Charitable Volunteers Mileage Reimbursement

May 30, 2008 (RS20296)

Summary

In the 110th Congress, several bills (S. 403, S. 1220, H.R. 606, and H.R. 2020) include proposals to alter the mileage deduction allowed for charitable purposes. Many proposals would allow nonprofit organizations to reimburse volunteers (without income tax consequences) for mileage driven for charitable purposes up to the business mileage rate (set at 48.5 cents per mile for 2007). The taxpayer is precluded from taking a charitable deduction if he/she is reimbursed by the nonprofit entity.

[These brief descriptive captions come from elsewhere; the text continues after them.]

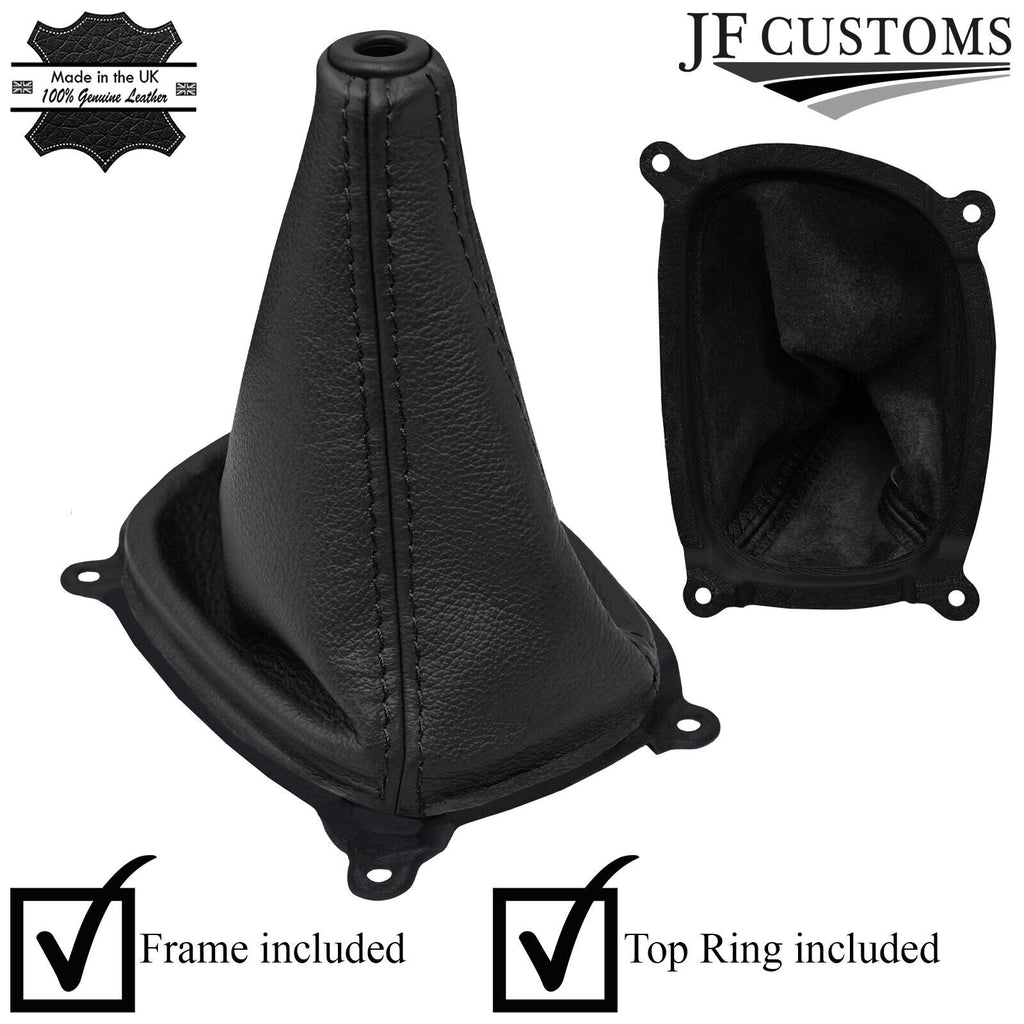 BLACK LEATHER GEAR GAITER+PLASTIC FRAME FOR HYUNDAI ACCENT MK2 LC 00-05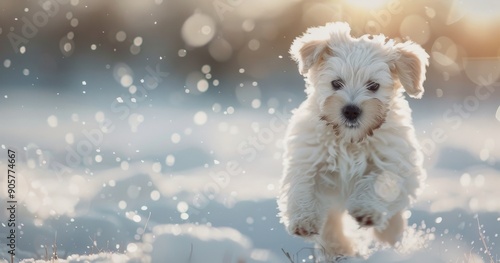 Playful Puppy Running Through Snow at Sunset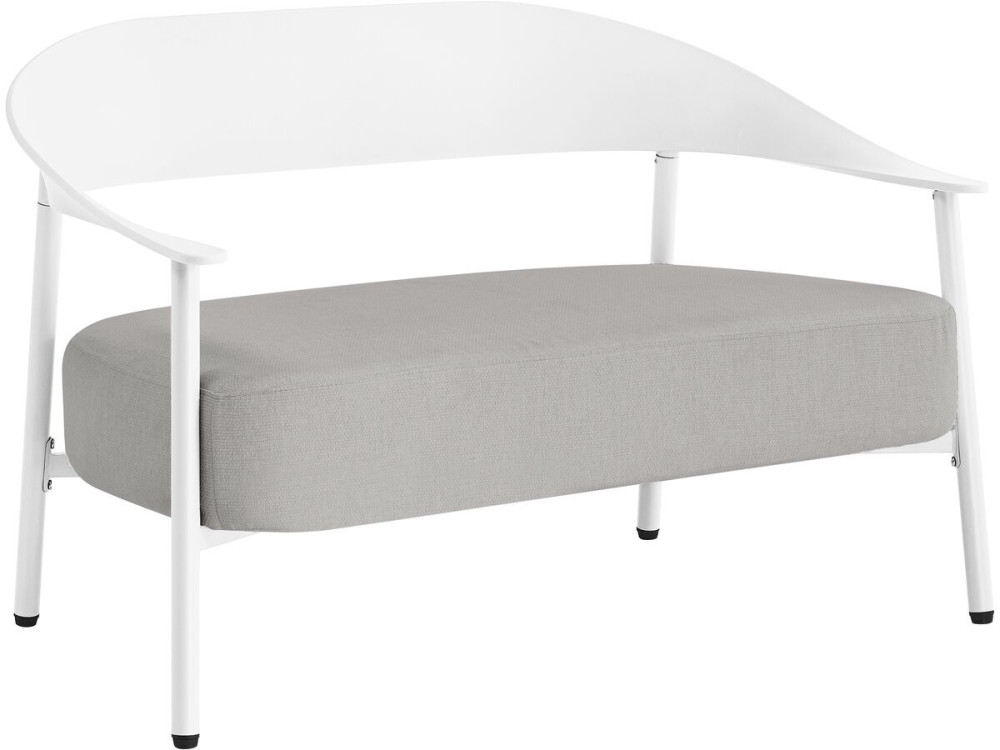 Sofa ogrodowa "Céora" z tworzywa sztucznego i metalu - 2-osobowa - Biała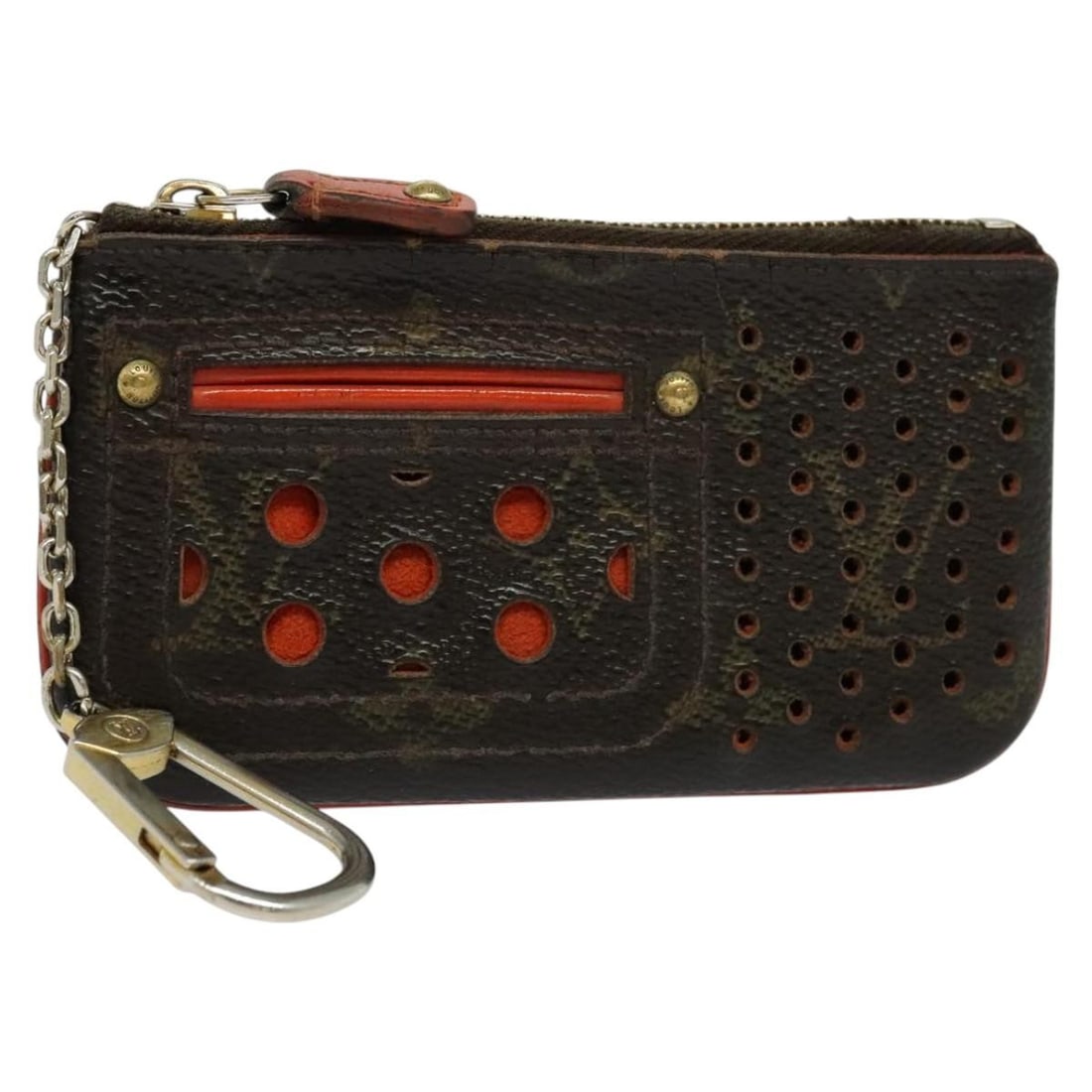 Louis Vuitton Perforated Monogram Canvas Orange Pochette Cles Coin Purse M95222 (1 of 18)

Current law allows nontaxable reimbursements by charities up to the charitable mileage rate of 14 cents per mile.

The primary arguments in favor of the tax law change include tax simplification for both charities and volunteers and the incentive effect encouraging volunteers to use their automobiles in performing charitable services (especially in those cases where volunteers claim the standard deduction). It is also argued that the provision shows the government's support for and willingness to help in financing socially desirable activities. The primary arguments voiced by opponents are that the provision may be abused, that some volunteers may be overcompensated for automobile-related expenditures, and that the adoption of these proposals will reduce federal tax revenues. In all cases, the taxpayer receives a greater monetary benefit from reimbursement than from the deduction whether at the 14 or 48.5 cents per mile rate.

This report will be updated as legislation progresses through the Congress.


Charitable Volunteers Mileage Reimbursement

Current Law

Charitable contributions made by individuals to charitable organizations1 are deductible from income for those taxpayers who itemize deductions. No charitable deduction is available for the value of any services rendered by volunteers.2 However, volunteers are permitted to deduct their "out of pocket" expenses incurred in providing donated services—when those expenses are not reimbursed.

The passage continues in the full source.